Your objective: Please reproduce each of the entries below exactly as they appear.

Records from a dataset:
>>>

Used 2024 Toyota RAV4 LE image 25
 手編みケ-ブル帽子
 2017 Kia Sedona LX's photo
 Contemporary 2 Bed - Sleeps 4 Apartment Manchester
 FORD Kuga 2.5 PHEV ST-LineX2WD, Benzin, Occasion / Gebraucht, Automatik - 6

<<<

Solution:
Used 2024 Toyota RAV4 LE image 25
 手編みケ-ブル帽子
 2017 Kia Sedona LX's photo
 Contemporary 2 Bed - Sleeps 4 Apartment Manchester
 FORD Kuga 2.5 PHEV ST-LineX2WD, Benzin, Occasion / Gebraucht, Automatik - 6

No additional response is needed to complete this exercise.